According to a ruling by the 9th Circuit Court, it’s perfectly acceptable for agents of the federal government to sneak onto your property at night, stick a GPS tracking device to the bottom of your car, and then proceed to track your every move—all without a warrant. The federal court has ruled that Drug Enforcement Administration agents who did just that to an Oregon man in 2007 didn’t violate his rights, because he has no expectation of privacy in his driveway and no expectation that the government won’t track his movements.
This bizarre – and scary – ruling now applies in California and eight other Western states. The U.S. Court of Appeals for the Ninth Circuit, which covers this vast jurisdiction, recently decided the government can monitor you in this way virtually anytime it wants – with no need for a search warrant. It’s a dangerous decision – one that, as the dissenting judges warned, could turn America into the sort of totalitarian state imagined by George Orwell. It is particularly offensive because the judges added insult to injury with some shocking class bias: the little personal privacy that still exists, the court suggested, should belong mainly to the rich. You see, basically if your car is parked in your driveway and is easily accessible (ie, if it’s not behind the walls of a gated property), you have no reasonable expectation to privacy. Even on your own property, the courts consider the car to be in a public place.
Privacy advocates are understandably upset. Writing in Time, Adam Cohen calls the ruling a “dangerous decision” that “could turn America into the sort of totalitarian state imagined by George Orwell.” Gothamist’s Matt Buchanan also whips out the word “Orwellian,” along with the phrase “slippery slope.” “If it’s okay for the government to plant a GPS tracker on your vehicle in the night, without a warrant,” he writes, why isn’t it “okay to flip the switch on your phone, tracking everywhere it went—after all, if Google can know where you’re at, why can’t the government?”
This case began in 2007, when Drug Enforcement Administration (DEA) agents decided to monitor Juan Pineda-Moreno, an Oregon resident who they suspected was growing marijuana. They snuck onto his property in the middle of the night and found his Jeep in his driveway, a few feet from his trailer home. Then they attached a GPS tracking device to the vehicle’s underside.
After Pineda-Moreno challenged the DEA’s actions, a three-judge panel of the Ninth Circuit ruled in January that it was all perfectly legal. More disturbingly, a larger group of judges on the circuit, who were subsequently asked to reconsider the ruling, decided this month to let it stand. (Pineda-Moreno has pleaded guilty conditionally to conspiracy to manufacture marijuana and manufacturing marijuana while appealing the denial of his motion to suppress evidence obtained with the help of GPS.)

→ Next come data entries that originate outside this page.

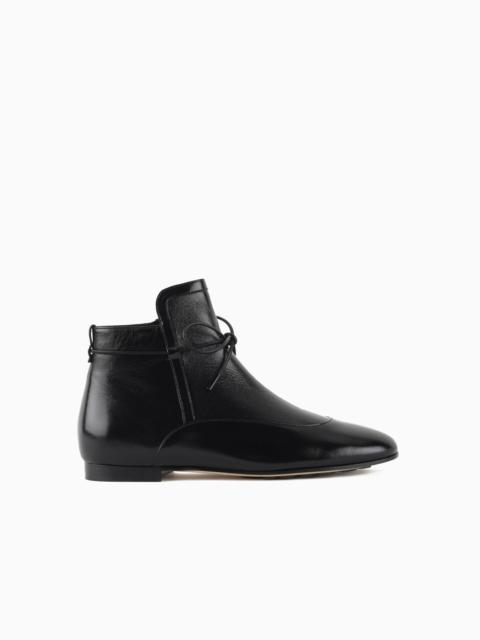 GIORGIO ARMANI TEXTURED PATENT-LEATHER ANKLE BOOTS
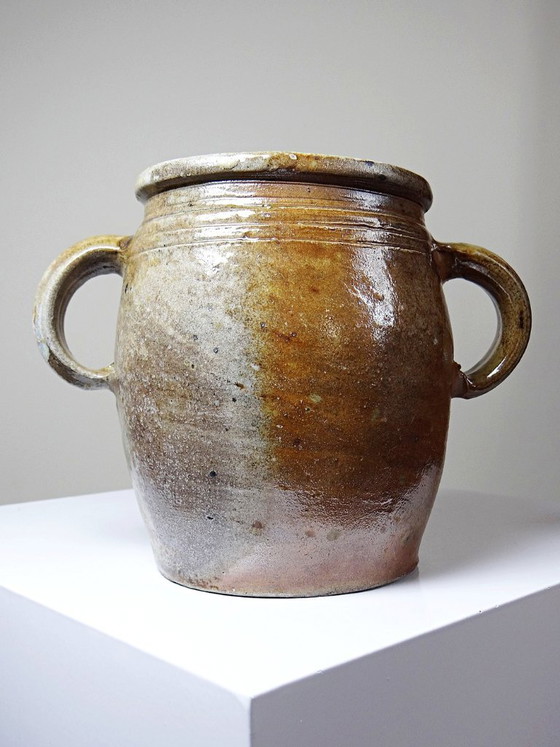 Pot ancien en grès de Puisaye à deux anses, fin XIXe-début XXe, Objets déco, Céramique, Marron, Rustic (photo 6 sur 11)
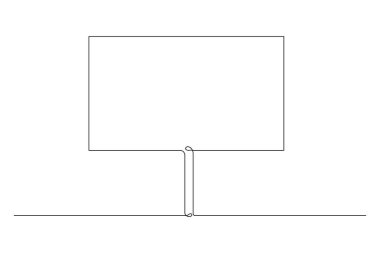 Boş pankart çubuğa asılıyor. Protesto pankartı, sahibinin şeffaflığı. Tek ve kesintisiz çizgi çizimi. Vektör illüstrasyonu
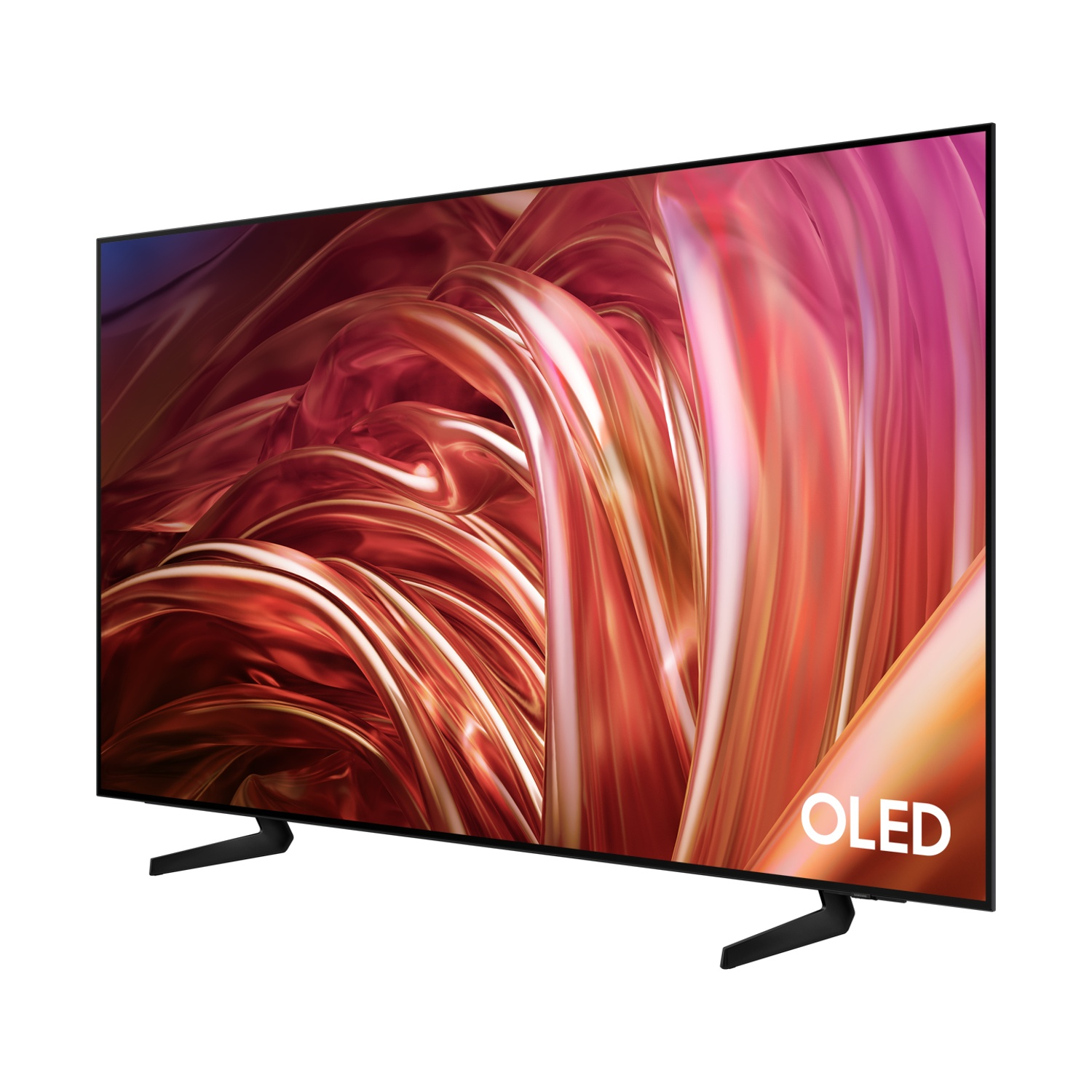 Un televisore OLED con display astratto e cornice nera si erge su uno sfondo bianco.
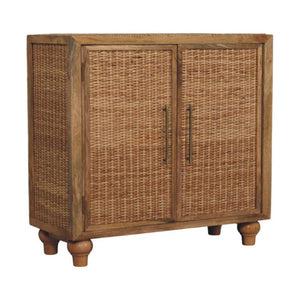 Rattan Oak 2-Door Cabinet | Textured Doors | Versatile Storage Furniture
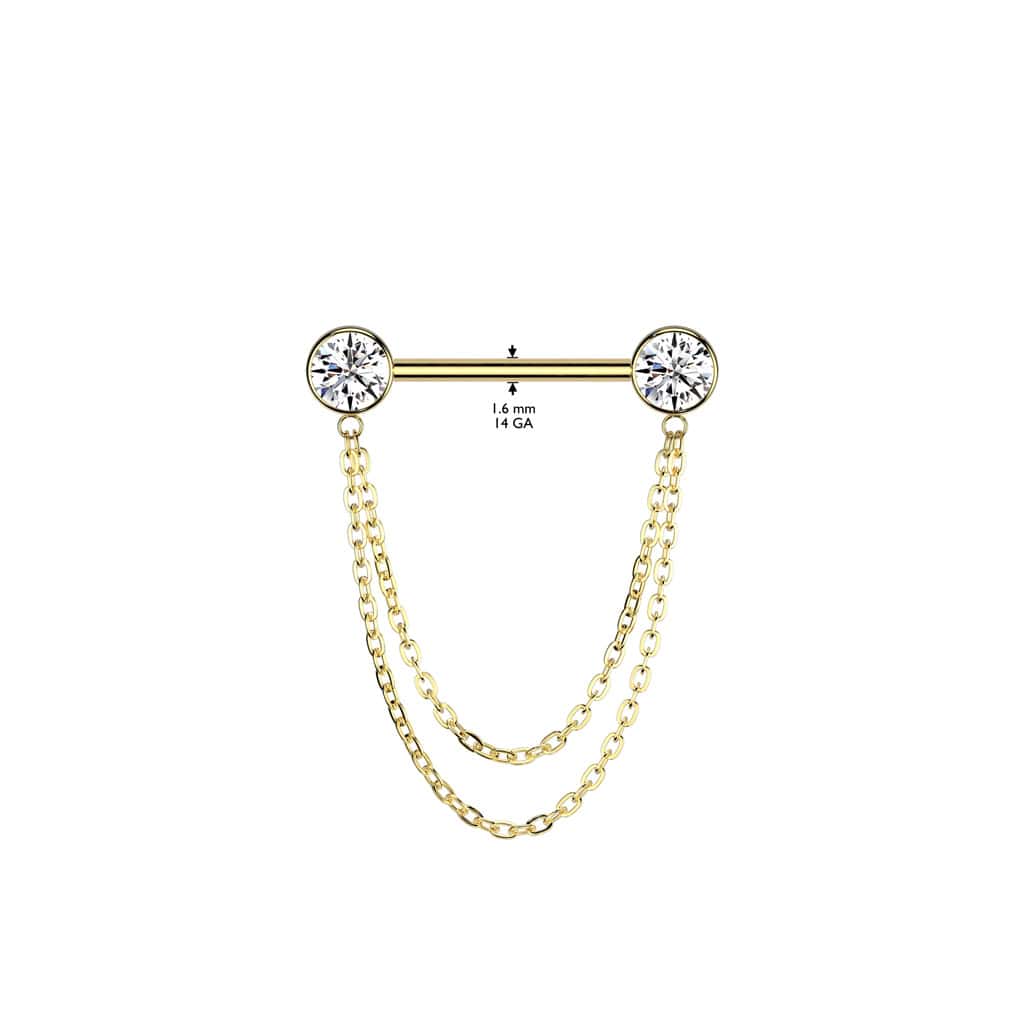 titanium bezeled gem with chain straight barbell body jewelry size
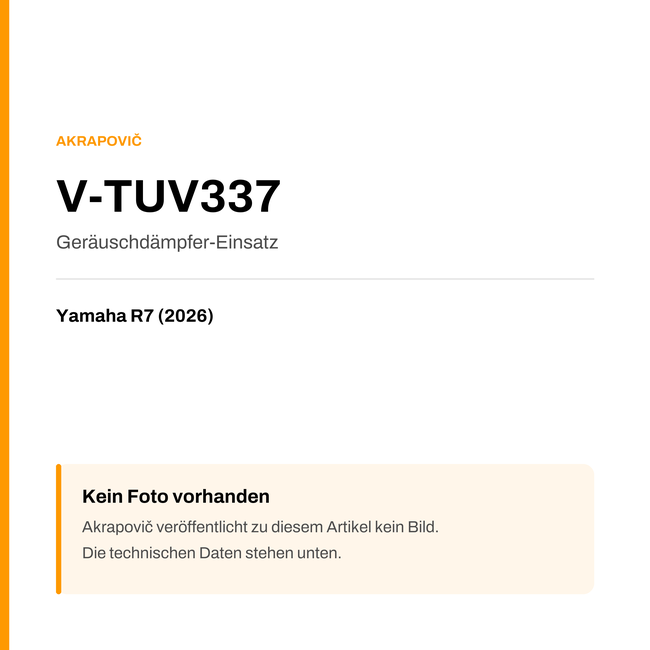 Akrapovic Geräuschdämpfer-Einsatz Yamaha R7 (26-26) V-TUV337 — Platzhalter, kein Herstellerfoto verfügbar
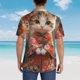 thumbnail image 4 of Fotbe Adorable Kitten In Kimono Camisa Hawaiana para Hombre Unisex – Camisa Casual de Verano con Botones de Manga Corta de Algodón y Lino,Large, 4 of 7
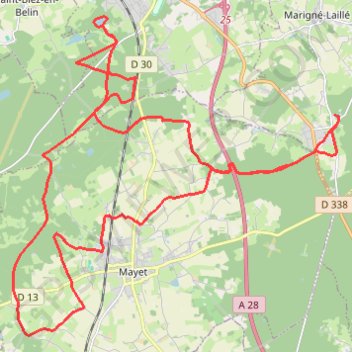 Trace GPS Marigné-Laillé, itinéraire, parcours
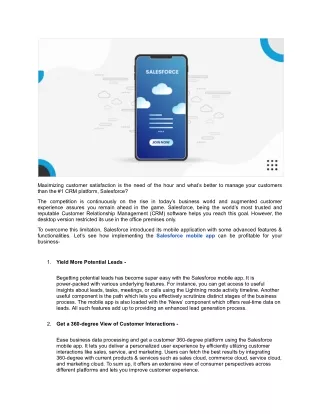 Streamlining Your Business Operations with Salesforce Mobile App
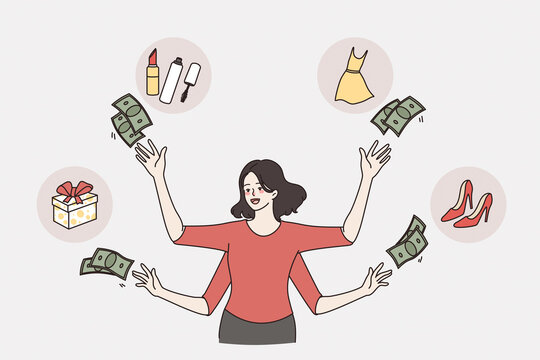 Wasting money and shopaholic concept. Young woman with many hands throwing money cash around her to buy different goods vector illustration 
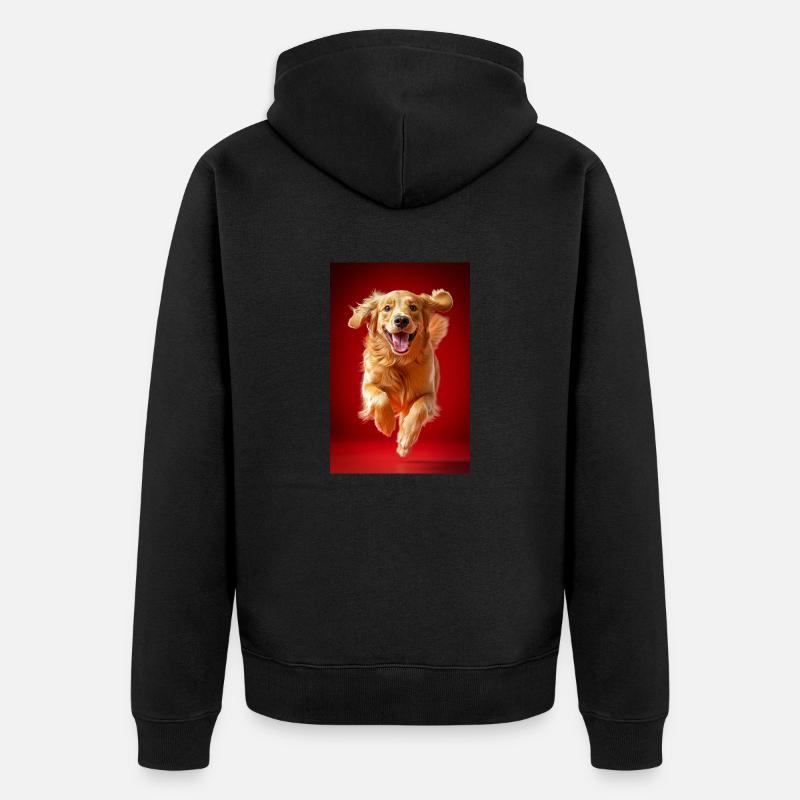 Fliegende goldene Freude - Unisex Premium Bio Zip Hoodie - Schwarz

In fact, the government violated Pineda-Moreno’s privacy rights in two different ways. For starters, the invasion of his driveway was wrong. The courts have long held that people have a reasonable expectation of privacy in their homes and in the “curtilage,” a fancy legal term for the area around the home. The government’s intrusion on property just a few feet away was clearly in this zone of privacy.
The judges veered into offensiveness when they explained why Pineda-Moreno’s driveway was not private. It was open to strangers, they said, such as delivery people and neighborhood children, who could wander across it uninvited.
Chief Judge Alex Kozinski, who dissented from this month’s decision refusing to reconsider the case, pointed out whose homes are not open to strangers: rich people’s. The court’s ruling, he said, means that people who protect their homes with electric gates, fences and security booths have a large protected zone of privacy around their homes. People who cannot afford such barriers have to put up with the government sneaking around at night.
Judge Kozinski is a leading conservative, appointed by President Ronald Reagan, but in his dissent he came across as a raging liberal. “There’s been much talk about diversity on the bench, but there’s one kind of diversity that doesn’t exist,” he wrote. “No truly poor people are appointed as federal judges, or as state judges for that matter.” The judges in the majority, he charged, were guilty of “cultural elitism.”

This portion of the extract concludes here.